Herbert Henry Charles Thurston  (15 November 1856 – 3 November 1939) was an English priest of the Roman Catholic Church, a member of the Jesuit order, and a prolific scholar on liturgical, literary, historical, and spiritual matters.  In his day, he was regarded as an expert on spiritualism.  Today he is remembered chiefly for his extensive contributions to the Catholic Encyclopedia.

Life
Herbert Thurston was born in London and educated at Stonyhurst College. He later received a bachelor's degree from London University. Thurston entered the Society of Jesus (the Jesuits) and worked as a master at Beaumont College from 1880 to 1887.  Ordained as a priest in 1890, he served as headmaster of Wimbledon College for a single term in 1893–94.

Writing
Thurston's writing career spanned over sixty years. As a liturgical scholar, he first became known for his writings on rubrics. Thurston wrote more than 150 articles for the Catholic Encyclopedia (1907–1914), and published nearly 800 articles in magazines and scholarly journals, as well a dozen books. He also re-edited Alban Butler's Lives of the Saints (1926–1938).  Many of Thurston's articles show a skeptical attitude towards popular legends about the lives of the saints and holy relics.  On the other hand, his treatment of spiritualism and the paranormal was regarded as "too sympathetic" by some within the Catholic community.
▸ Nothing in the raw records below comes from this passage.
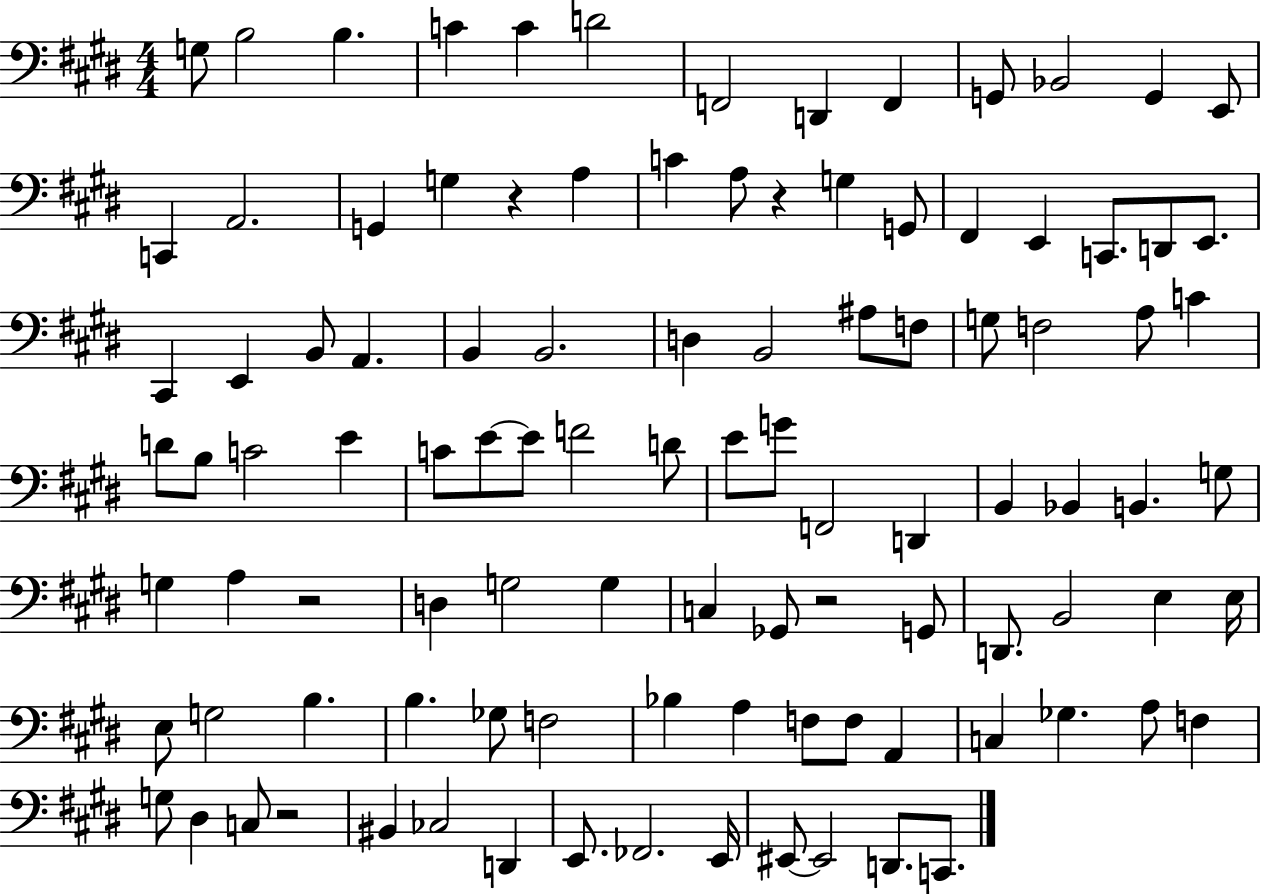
X:1
T:Untitled
M:4/4
L:1/4
K:E
G,/2 B,2 B, C C D2 F,,2 D,, F,, G,,/2 _B,,2 G,, E,,/2 C,, A,,2 G,, G, z A, C A,/2 z G, G,,/2 ^F,, E,, C,,/2 D,,/2 E,,/2 ^C,, E,, B,,/2 A,, B,, B,,2 D, B,,2 ^A,/2 F,/2 G,/2 F,2 A,/2 C D/2 B,/2 C2 E C/2 E/2 E/2 F2 D/2 E/2 G/2 F,,2 D,, B,, _B,, B,, G,/2 G, A, z2 D, G,2 G, C, _G,,/2 z2 G,,/2 D,,/2 B,,2 E, E,/4 E,/2 G,2 B, B, _G,/2 F,2 _B, A, F,/2 F,/2 A,, C, _G, A,/2 F, G,/2 ^D, C,/2 z2 ^B,, _C,2 D,, E,,/2 _F,,2 E,,/4 ^E,,/2 ^E,,2 D,,/2 C,,/2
Father Thurston joined the Society for Psychical Research in 1919, and he was a friend of psychical researcher Everard Feilding.  Thurston attributed the phenomena of stigmata to the effects of suggestion. He criticized Spiritualism for its confidence that mediums communicate with the dead. He believed that "some ‘communications’ may originate in the medium's subconscious, while many alleged communications appear to be self-contradictory."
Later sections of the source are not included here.